Last year, Defending Digital Campaigns got the FEC ruling that enabled it to disseminate security products without breaking election-finance rules. This year, Google and Microsoft, which offer cloud-based productivity suites with additional security enhancements for campaigns, announced they would collaborate with the nonprofit.

"In the 2020 cycle, at almost every campaign we spoke to, there was some awareness that, ''Yeah, we need to be doing multifactor authentication,'" said Michael Kaiser, president and CEO of the nonprofit.

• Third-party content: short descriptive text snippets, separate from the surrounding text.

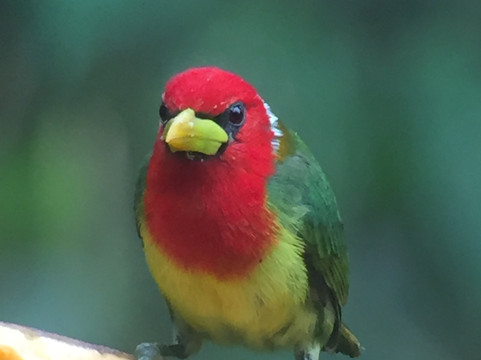 Dana Tours LLC-明多必去景点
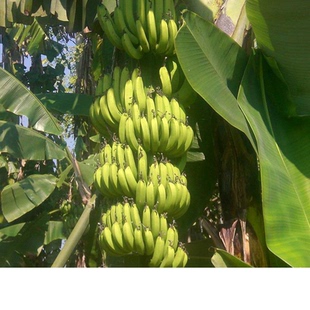 香蕉banana海南香蕉新鲜水果芭蕉有机无公害包邮农家直供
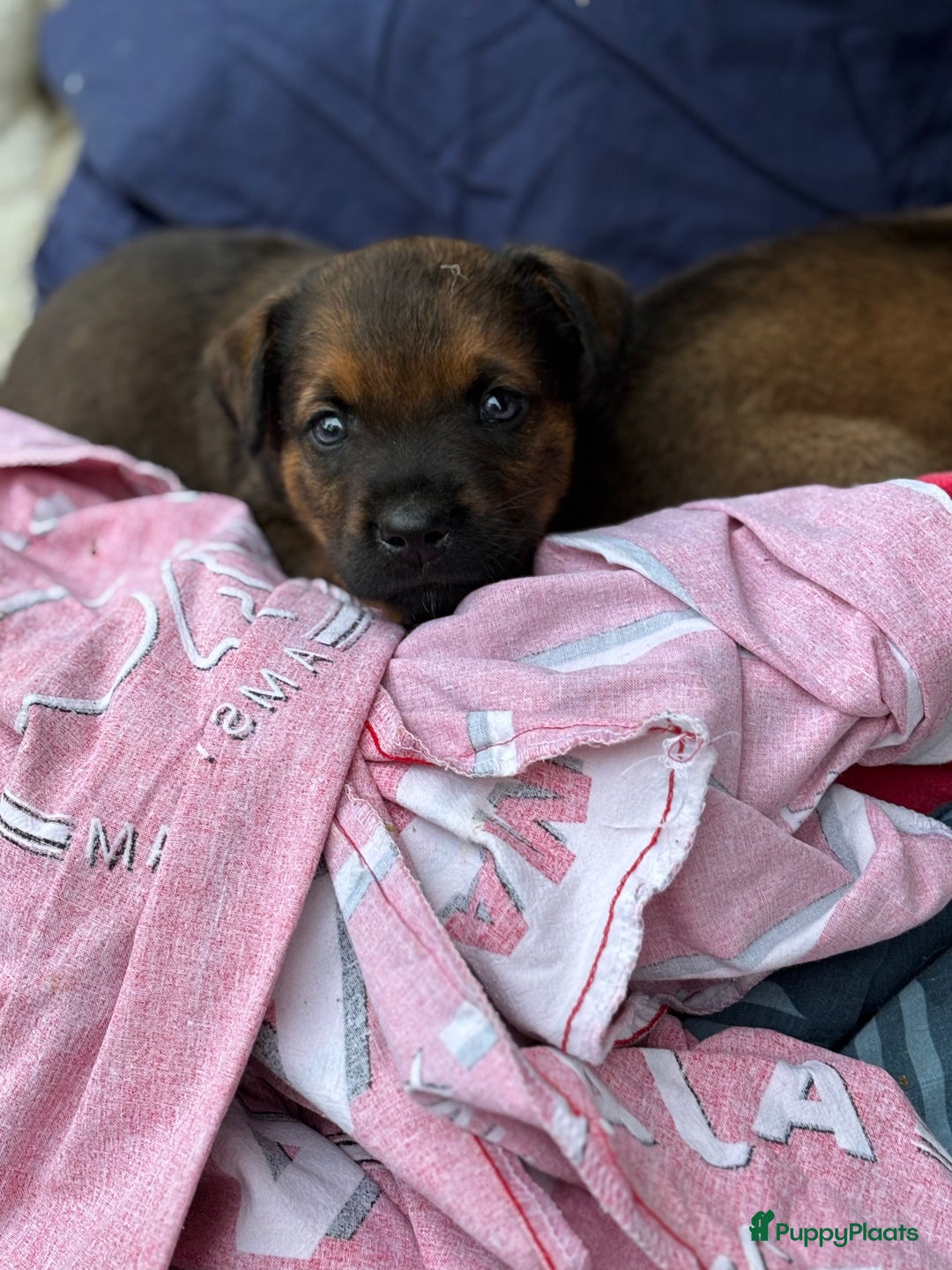 Kruising honden te koop: Mechelse herder & rotweiler - Advertentie 8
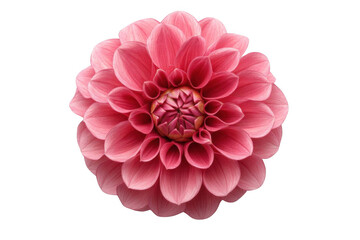 Pink Dahlia Blooms Elegantly on Black Background, Floral Beauty and Nature's Delicate Design.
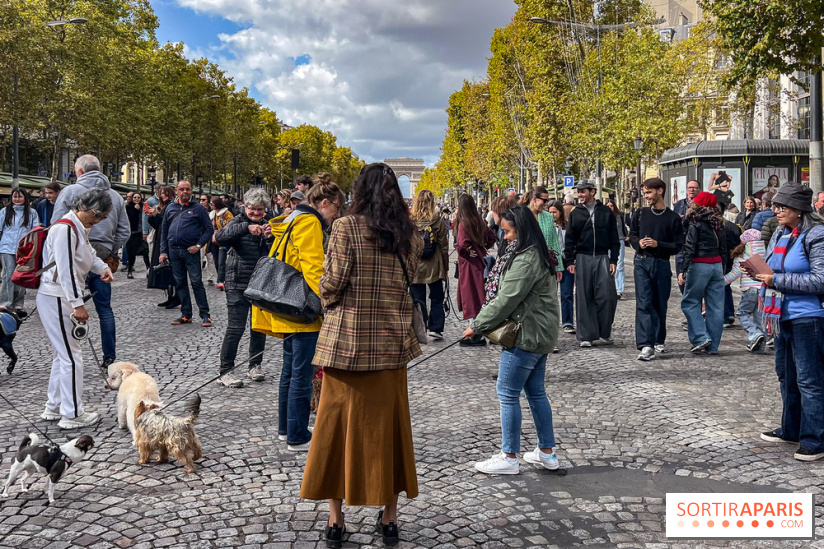 La Marche des animaux à Paris : défilé gratuit, ouvert aux chiens, chats ... sur les Champs-Élysées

People from both parties took products from the nonpartisan organization, which also works with companies such as Cloudflare and LogMeIn.

"What we most wanted to do was protect credentials," Kaiser said. Sure enough, he said, many federal campaigns — although not all of them — wound up having each of their workers accept two physical security keys, with one for normal use and the other for storage in a safe place.

Google's kits include two keys for that purpose. Candidates and campaign staffers who wish to use Google's Advanced Protection Program must use the keys, said Mark Risher, who leads Google's security and identity teams. Once people are enrolled, Google will help them avoid potentially harmful email attachments and websites.

Microsoft trained 1,500 people at campaigns and the Democratic and Republican national committees on its comparable AccountGuard program, said Tom Burt, a corporate vice president at the company. The top piece of advice was to enable multifactor authentication, rather than just entering an email address and password, he said. Microsoft encourages AccountGuard participants to set up a second factor for authenticating, such as a security key, but it's not required.

One drawback with physical security keys is that people can lose them, unlike fingerprints or their faces, which can be used to complete log-in attempts, Burt said. He pointed to Microsoft's Authenticator mobile app as a viable alternative.

Bob Lord, the DNC's chief information security officer, personally relies on a physical security key. He said the DNC issued physical keys to the vast majority of the 3,400 people who joined together to help get out the vote this year, and the committee had a way to check that people were actually using the keys.

That's sometimes the hard part. Baccio is already thinking about how adoption could be even more widespread in the future.

"Maybe in 2024 from the outset we'll have tokens for everyone," he said. "We might even have some legislation that requires it."